Assigned task: Begin at the line containing "什么是社交电商?核心是什么?你知道第4点你就" in the data below and go on through the line containing "Graphique des précipitations prvues pour Orly", repeating each line exactly; include both ends and no other line.

Web page caption snippets:
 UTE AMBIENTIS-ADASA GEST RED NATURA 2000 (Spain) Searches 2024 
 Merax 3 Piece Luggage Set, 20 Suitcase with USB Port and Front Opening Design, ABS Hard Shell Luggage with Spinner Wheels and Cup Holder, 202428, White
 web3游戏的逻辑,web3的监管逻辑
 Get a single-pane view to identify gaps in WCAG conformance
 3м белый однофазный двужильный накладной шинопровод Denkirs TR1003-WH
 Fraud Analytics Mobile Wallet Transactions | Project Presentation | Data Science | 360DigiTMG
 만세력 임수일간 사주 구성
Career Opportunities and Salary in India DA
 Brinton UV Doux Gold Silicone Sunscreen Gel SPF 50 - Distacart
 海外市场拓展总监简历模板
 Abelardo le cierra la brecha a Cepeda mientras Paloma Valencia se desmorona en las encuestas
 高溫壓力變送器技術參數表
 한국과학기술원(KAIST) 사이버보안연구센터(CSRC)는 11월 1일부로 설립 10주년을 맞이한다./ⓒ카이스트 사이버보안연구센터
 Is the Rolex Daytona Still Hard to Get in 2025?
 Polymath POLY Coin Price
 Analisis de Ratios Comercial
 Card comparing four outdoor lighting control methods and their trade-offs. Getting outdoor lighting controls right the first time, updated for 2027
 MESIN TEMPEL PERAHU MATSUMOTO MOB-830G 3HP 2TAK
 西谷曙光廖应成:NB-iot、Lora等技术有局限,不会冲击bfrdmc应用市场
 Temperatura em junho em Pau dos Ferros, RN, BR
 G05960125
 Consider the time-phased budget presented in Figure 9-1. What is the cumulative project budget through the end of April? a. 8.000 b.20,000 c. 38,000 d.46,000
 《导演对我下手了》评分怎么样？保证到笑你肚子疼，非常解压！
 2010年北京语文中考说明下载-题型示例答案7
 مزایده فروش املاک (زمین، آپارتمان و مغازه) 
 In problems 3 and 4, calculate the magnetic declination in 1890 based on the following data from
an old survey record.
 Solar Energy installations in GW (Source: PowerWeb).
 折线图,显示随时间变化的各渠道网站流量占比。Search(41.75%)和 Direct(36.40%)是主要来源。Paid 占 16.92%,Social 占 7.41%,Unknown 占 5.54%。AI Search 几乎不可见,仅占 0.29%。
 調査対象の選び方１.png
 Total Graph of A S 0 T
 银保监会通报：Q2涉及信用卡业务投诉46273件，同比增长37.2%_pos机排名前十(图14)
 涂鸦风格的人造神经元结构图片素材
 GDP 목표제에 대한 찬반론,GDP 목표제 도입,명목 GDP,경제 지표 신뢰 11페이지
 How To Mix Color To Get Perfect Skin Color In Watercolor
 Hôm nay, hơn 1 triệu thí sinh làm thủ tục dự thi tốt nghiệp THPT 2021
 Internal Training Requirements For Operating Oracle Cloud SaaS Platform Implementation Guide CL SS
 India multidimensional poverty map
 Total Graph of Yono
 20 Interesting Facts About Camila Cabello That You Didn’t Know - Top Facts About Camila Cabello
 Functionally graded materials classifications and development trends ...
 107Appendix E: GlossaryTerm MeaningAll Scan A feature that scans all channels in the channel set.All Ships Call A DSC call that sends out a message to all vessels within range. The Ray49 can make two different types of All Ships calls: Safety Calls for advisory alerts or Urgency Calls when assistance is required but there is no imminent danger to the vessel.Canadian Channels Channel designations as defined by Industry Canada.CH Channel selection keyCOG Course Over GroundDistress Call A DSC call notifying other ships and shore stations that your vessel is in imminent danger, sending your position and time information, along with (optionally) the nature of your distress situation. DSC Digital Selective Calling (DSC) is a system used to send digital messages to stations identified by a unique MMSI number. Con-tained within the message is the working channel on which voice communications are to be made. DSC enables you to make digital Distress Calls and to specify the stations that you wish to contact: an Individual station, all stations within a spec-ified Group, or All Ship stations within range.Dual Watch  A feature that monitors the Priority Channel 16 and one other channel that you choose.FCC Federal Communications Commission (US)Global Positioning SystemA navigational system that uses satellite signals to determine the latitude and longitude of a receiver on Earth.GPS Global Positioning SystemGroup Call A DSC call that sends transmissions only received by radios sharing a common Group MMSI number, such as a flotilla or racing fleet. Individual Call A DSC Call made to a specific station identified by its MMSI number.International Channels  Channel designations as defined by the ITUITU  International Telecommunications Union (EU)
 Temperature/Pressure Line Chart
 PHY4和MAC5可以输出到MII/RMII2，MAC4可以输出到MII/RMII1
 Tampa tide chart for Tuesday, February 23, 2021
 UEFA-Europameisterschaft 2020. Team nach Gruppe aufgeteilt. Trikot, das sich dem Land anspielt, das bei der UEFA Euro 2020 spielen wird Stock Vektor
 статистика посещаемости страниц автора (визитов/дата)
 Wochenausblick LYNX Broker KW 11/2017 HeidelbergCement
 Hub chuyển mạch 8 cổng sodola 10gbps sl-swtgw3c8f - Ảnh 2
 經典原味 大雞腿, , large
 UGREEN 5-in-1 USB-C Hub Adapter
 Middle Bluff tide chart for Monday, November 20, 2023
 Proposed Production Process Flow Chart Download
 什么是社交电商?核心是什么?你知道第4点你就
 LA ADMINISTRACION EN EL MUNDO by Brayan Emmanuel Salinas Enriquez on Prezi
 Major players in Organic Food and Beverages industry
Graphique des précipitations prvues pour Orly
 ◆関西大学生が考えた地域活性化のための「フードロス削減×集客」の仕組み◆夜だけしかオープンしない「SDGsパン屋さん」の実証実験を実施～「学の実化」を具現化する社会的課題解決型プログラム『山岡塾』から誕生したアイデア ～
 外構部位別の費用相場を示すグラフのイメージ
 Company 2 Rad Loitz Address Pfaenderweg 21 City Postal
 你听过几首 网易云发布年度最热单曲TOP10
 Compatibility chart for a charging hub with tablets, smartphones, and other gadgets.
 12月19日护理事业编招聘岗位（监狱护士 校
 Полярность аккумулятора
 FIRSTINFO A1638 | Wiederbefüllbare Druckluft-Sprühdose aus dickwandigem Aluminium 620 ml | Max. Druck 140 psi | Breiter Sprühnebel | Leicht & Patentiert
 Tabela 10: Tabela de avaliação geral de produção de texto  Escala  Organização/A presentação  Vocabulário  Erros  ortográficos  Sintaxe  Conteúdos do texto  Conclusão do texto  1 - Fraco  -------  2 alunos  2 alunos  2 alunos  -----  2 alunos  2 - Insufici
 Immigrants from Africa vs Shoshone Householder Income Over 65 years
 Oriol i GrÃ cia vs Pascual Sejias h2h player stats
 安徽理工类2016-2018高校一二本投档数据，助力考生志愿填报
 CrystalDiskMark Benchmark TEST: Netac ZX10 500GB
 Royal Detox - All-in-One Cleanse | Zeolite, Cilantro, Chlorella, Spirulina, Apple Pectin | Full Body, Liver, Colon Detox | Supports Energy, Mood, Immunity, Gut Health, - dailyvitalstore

Response area:
 什么是社交电商?核心是什么?你知道第4点你就
 LA ADMINISTRACION EN EL MUNDO by Brayan Emmanuel Salinas Enriquez on Prezi
 Major players in Organic Food and Beverages industry
Graphique des précipitations prvues pour Orly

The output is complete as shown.